The area of the hexagon is $8.42$.

#### Explanation:

The way to find the area of a hexagon is to divide it into six triangles, as shown by the diagram below.

Then, all we need to do is solve for the area of one of the triangles and multiply it by six.

Because it is a regular hexagon, all the triangles are congruent and equilateral. We know this because the central angle is 360˚, divided into six pieces so that each one is 60˚. We also know that all of the lines that are inside the hexagon, the ones that make up the side lengths of the triangle, are all the same length. Therefore, we conclude that the triangles are equilateral and congruent.

If the triangle is equilateral, each of its side lengths is the same. It is 1.8 meters long. The formula for the triangle's area is shown below.

$A = \frac{1}{2} s h$

$s$ is the side length. $h$ is height. We know $s$, and we can use trigonometry to find $h$. The below image shows a 30˚-60˚-90˚ triangle and the formulas for finding the side lengths. We know that our triangle is like this one because all equilateral triangles are 30˚-60˚-90˚, which refers to their three angle measures.

This tells us that the formula for $h$ is $\sqrt{3} \cdot \frac{s}{2}$.

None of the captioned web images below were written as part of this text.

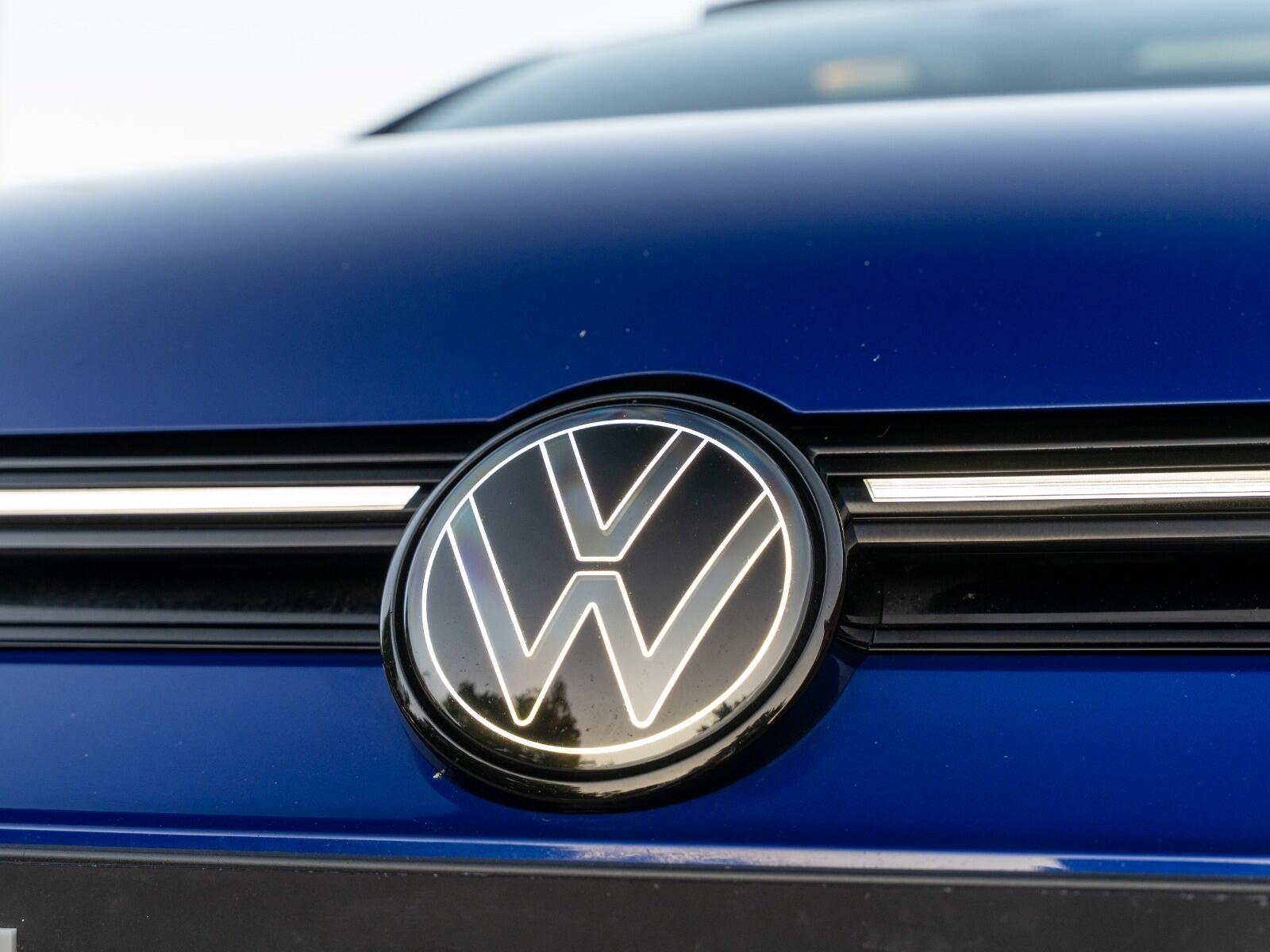 Volkswagen Golf view 15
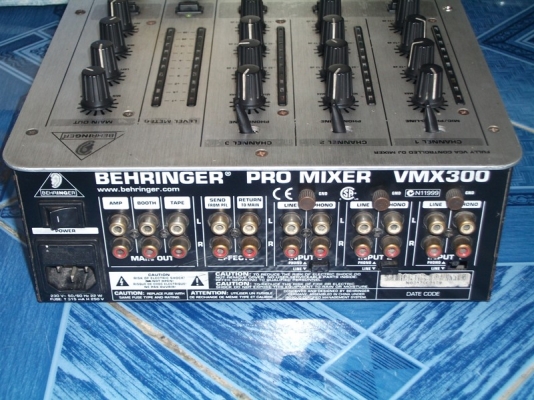 ต้องการขายมิกส์  บาเรนเจอร์ VMX  300 ราคา 2000 บาท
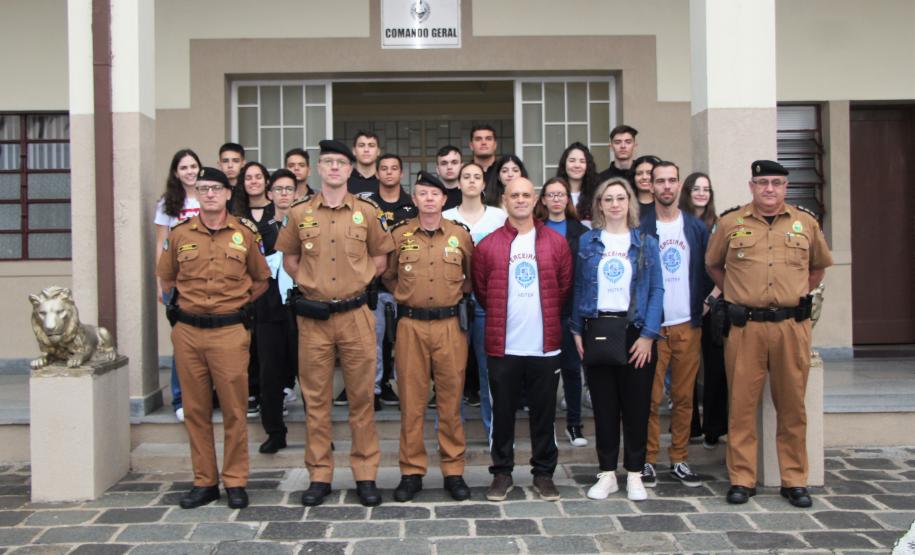 Alunos do Colégio da Vila Militar de Maringá visitam QCG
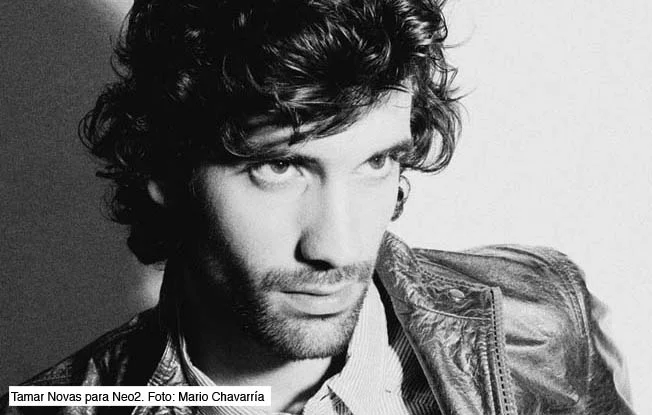 ¿Cómo guapo no?  Él es un actor de la nueva película “Los Abrazos Rotos” de Pedro Almodóvar. Él se llama Tamar Novas, y no puedo ser una “stalker” pero él me interesa. ¿Alguien se conozca?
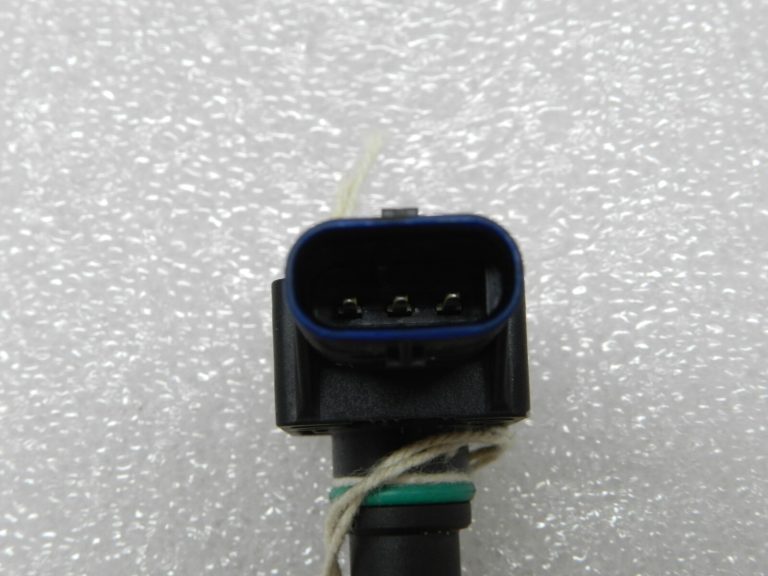 Mercedes C-klases W205 C63 Gaisa spiediena sensors A0071530528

$h = \sqrt{3} \cdot \frac{1.8}{2}$
$h \approx 1.56$

Now, we use the triangle area formula.

$A = \frac{1}{2} \cdot 1.56 \cdot 1.8$
$A = 1.404$

Remember that the hexagon is made of six triangles. Its area is $6$ times the triangle's area.

$6 \cdot 1.404 \approx 8.42$

The area of the hexagon is $8.42$.

If you are interested in a shortcut, you can use the following formula. The longer method above is just useful for understanding the idea behind the formula and how to derive it.

$A = \frac{3 \sqrt{3}}{2} \cdot {s}^{2}$